▶ _EXERCISE_
The full set of entries below, restated word for word and stripped of images, is the expected result.
Segment Start: INFORMATION
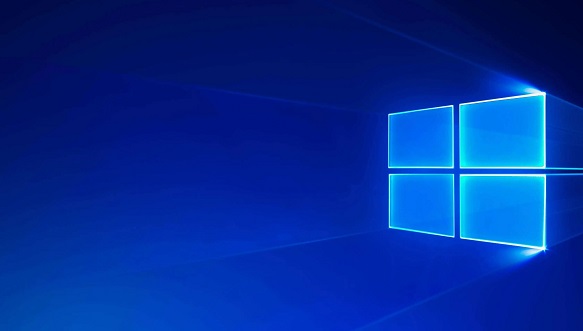 win10系統下載多少g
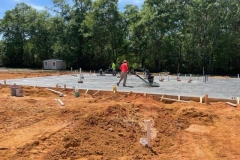 2024-04-22-Zacks-foundation-levelilng-1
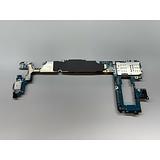 motherboard for Samsung S10 Plus G975 G975U ( working good, unlocked, 128GB)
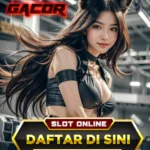 Panduan Lengkap untuk Slot Online dengan Pembayaran Terbesar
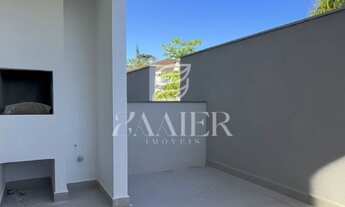 Imagem 2: à Venda, Saguaçu - Joinville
Segment End: INFORMATION
▶ _WRITTEN RESPONSE_
 win10系統下載多少g
 2024-04-22-Zacks-foundation-levelilng-1
 motherboard for Samsung S10 Plus G975 G975U ( working good, unlocked, 128GB)
 Panduan Lengkap untuk Slot Online dengan Pembayaran Terbesar
 Imagem 2: à Venda, Saguaçu - Joinville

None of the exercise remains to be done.